On 9 August 2009, teams of ministers from Chad and Libya agreed seven deals intended to increase measures relating to security and trade as well as improve political co-operation between the nations. Chadian Prime Minister Youssouf Saleh Abbas and Libyan Prime Minister Baghdadi Mahmudi led the ministerial negotiations. Elsewhere and Chadian President Idriss Déby and Libyan leader Muammar Gaddafi came together on such as issues as saving the rapidly shrinking Lake Chad and working out how the African Union could become more involved in negotiating conflicts of African importance. In a further development, the Saif al-Islam Gaddafi-led Gaddafi International Foundation for Charitable Associations and Development, writing in the Oya newspaper, detailed further its intentions to resettle refugees from Chad in Libya and issued thanks to those who had assisted.

===2010s===
Since the Libyan Civil War in 2011, relations between the two nations have worsened. In 2013 Chadian president Idriss Déby accused the new Libyan authorities of allowing Chadian mercenaries to establish camps in Libya from where they plotted attacks into northern Chad. Since the second Libyan civil war began between different factions in Libya, mercenaries from Chad and other countries in the region had been taking part in the conflict. In August 2016, the Libyan authorities closed their embassy in N'Djamena and recalled its ambassador, Mohammed Khalifa, at the decision of Chad. It came after the Chadian foreign ministry expelled 13 Libyan diplomats from Chad. According to a statement from the ministry, "We noticed that there are a huge number of administrative and military diplomats working in the embassy. Their stay in Chad is unjustified." Libya's internationally recognized Government of National Accord noted concerns about over-staffing of Libya's embassies abroad. In January 2017, Chad had closed its northern border along Libya as the country's descent into chaos would force some militant fighters to flee into Chad itself. As a result, Chad had ordered troop deployments at the border to make efforts to stop any militants fleeing into the country.

=== 2026 ===
On 21 February 2026, the Chadian-Libyan joint military force, which both countries view the initiative as an essential step to stabilize the frontier, curb illicit activities, and prevent security threats that undermine the safety of border communities. The two brigades in these joint forces are Saddam Haftar's 106th Brigade (Libya) and along with military officials from the Chadian side, worth noting, the forces were able together to take down rebellion of wardougou a Nigerian backed militia attempt. Where their leader was caught and killed on 27 February, which escalated until 1 March where the Libyan National Army and Chadian army carried successful operation into Niger..

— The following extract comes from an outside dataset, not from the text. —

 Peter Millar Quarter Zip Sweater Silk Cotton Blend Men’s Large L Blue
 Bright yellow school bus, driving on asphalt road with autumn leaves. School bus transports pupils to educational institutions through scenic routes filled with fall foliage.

While some local sources claim the involvement of the GNU in support of wardougou, such claims are unlikely and possible the movement was linked to the support of 'Joint Technical cooperation' – which is border protection security agreement including both Government of National Unity (Libya) and the Government of National Stability. Further supported by the meeting of March 5 between Chadian prime minister Tahir Isso Youssef which was involving appointing new ambassador and "emphasizing the importance of consolidating bilateral relations and supporting areas of joint cooperation in a way that serves the interests of both peoples and contributes to strengthening stability in the region."